The Stapleton family has been moving west for six generations. In 1838, they finally stop.
The Promised Land is the concluding volume of the Stapleton trilogy - a family saga that began when Dr. Thomas William Stapleton crossed from England to Virginia in 1676 and set a dynasty in motion. Through the Carolinas, into Alabama, deeper into Florida, and now across the Gulf of Mexico to the black soil of the Colorado River valley.
But first, Texas has to survive.
When the cannon smoke clears at the Alamo in March 1836, William Stapleton Senior is already moving - pulling his family through the chaos of the Texas Revolution, along the banks of the San Jacinto, and away from a Florida they can no longer call home. What follows is not a heroic march. It is something quieter and harder: the slow, unglamorous work of turning raw land into a life.
By 1874, the Stapletons have built something that will last.
The Promised Land tells the story of what it cost them.
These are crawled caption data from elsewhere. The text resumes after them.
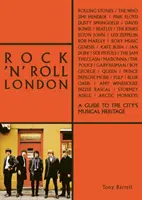 Rock 'n' Roll London: Guía del patrimonio musical de la ciudad - Rock 'n' Roll London: A Guide to the City's Musical Heritage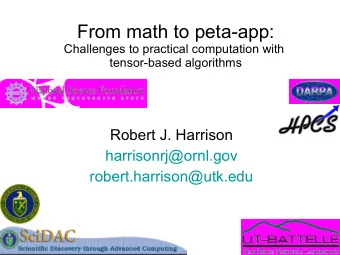 From math to peta-app:  Challenges to practical computation with  tensor-based algorithms  Robert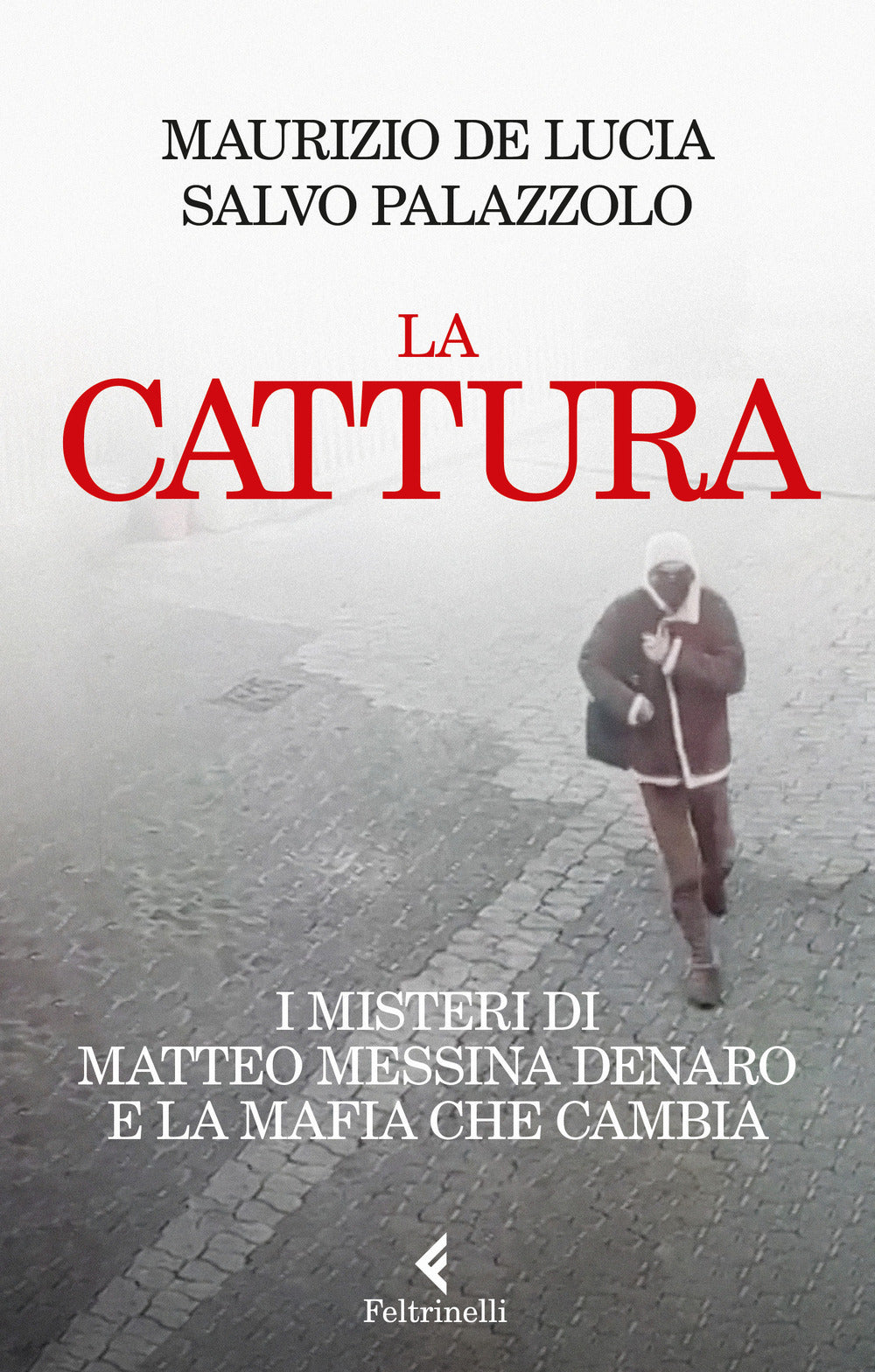 CATTURA. I misteri di Matteo Messina Denaro e la mafia che cambia.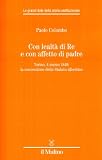 Con lealtà di re e con affetto di padre. Torino, 4 marzo 1848: la concessione dello Statuto albertino (Le grandi date della storia costituzional)
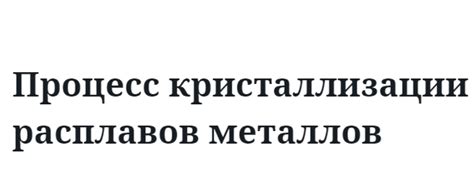 Принципы и механизмы кристаллизации расплавов металлов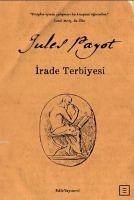 Irade Terbiyesi - Payot, Jules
Drawing on primary documents, land records, and family history stretching back to colonial Virginia, Clayton R Stapleton reconstructs a world that history wrote around but rarely wrote down - the frontier children, the silent census entries, the names that almost didn't survive. This is their story, told in full.
Stapleton: The Sons of '24 - Book Three Completing the trilogy that began with The Long Way to Florida and From Gum Swamp to Texas Wilderness.